━━ MATERIAL FOR THIS EXERCISE

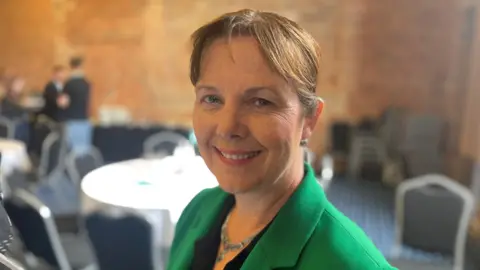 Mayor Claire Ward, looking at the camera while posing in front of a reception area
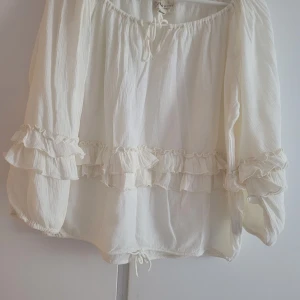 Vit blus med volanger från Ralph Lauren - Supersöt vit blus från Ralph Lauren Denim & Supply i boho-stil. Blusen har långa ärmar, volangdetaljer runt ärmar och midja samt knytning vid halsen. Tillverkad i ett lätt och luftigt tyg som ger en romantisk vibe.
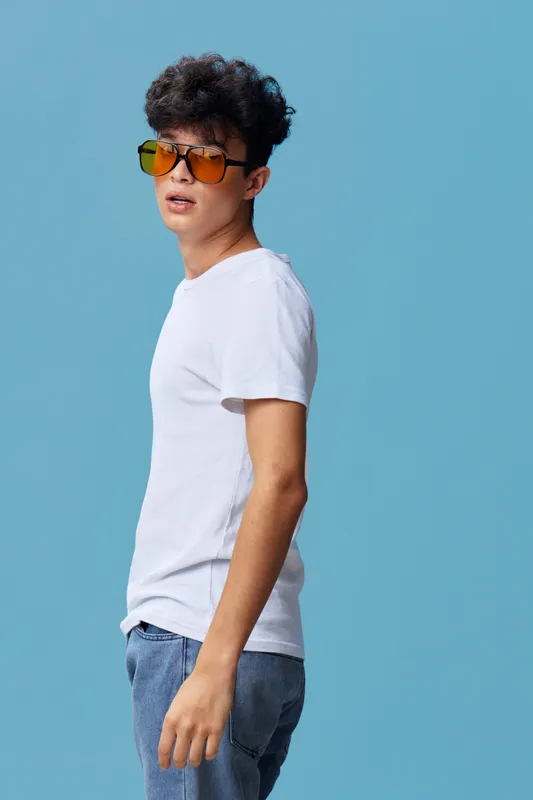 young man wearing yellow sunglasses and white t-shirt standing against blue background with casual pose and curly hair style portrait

━━━━
━━ MATERIAL FOR THIS EXERCISE

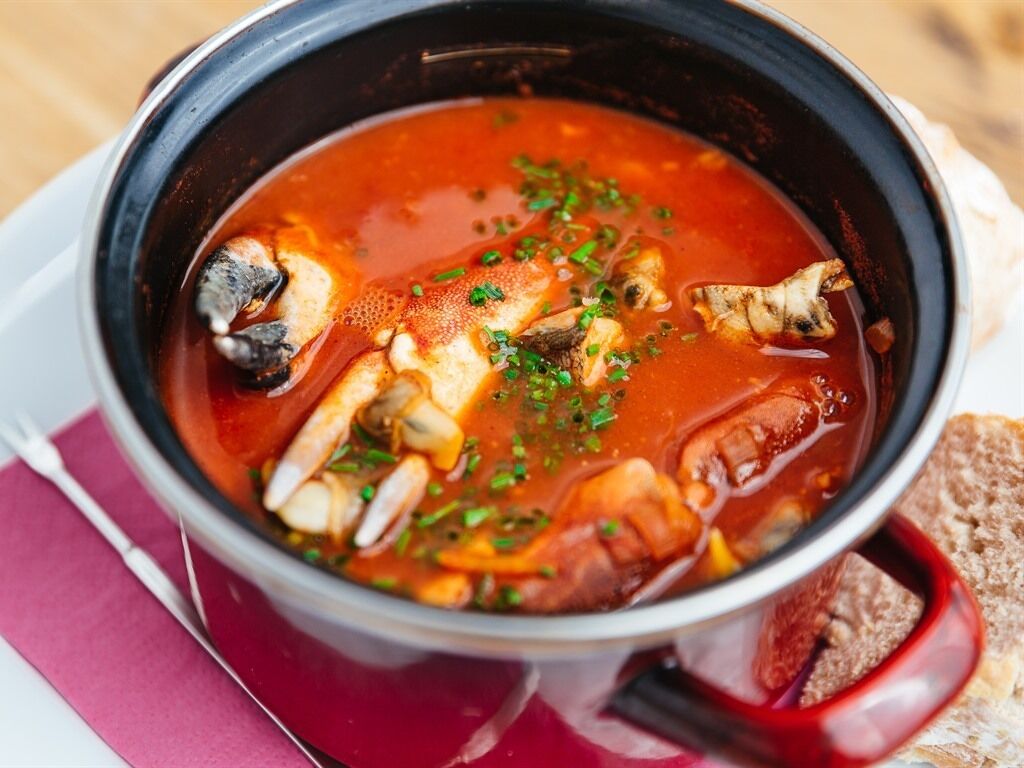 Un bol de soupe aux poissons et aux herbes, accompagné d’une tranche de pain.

━━━━

■ EXERCISE
The response must repeat exactly the lines above from the one with "Mayor Claire Ward, looking" through the one with "young man wearing", including both, and must contain no pictures and no other text.

■ RESULT OF THIS TASK
 Mayor Claire Ward, looking at the camera while posing in front of a reception area
 Vit blus med volanger från Ralph Lauren - Supersöt vit blus från Ralph Lauren Denim & Supply i boho-stil. Blusen har långa ärmar, volangdetaljer runt ärmar och midja samt knytning vid halsen. Tillverkad i ett lätt och luftigt tyg som ger en romantisk vibe.
 young man wearing yellow sunglasses and white t-shirt standing against blue background with casual pose and curly hair style portrait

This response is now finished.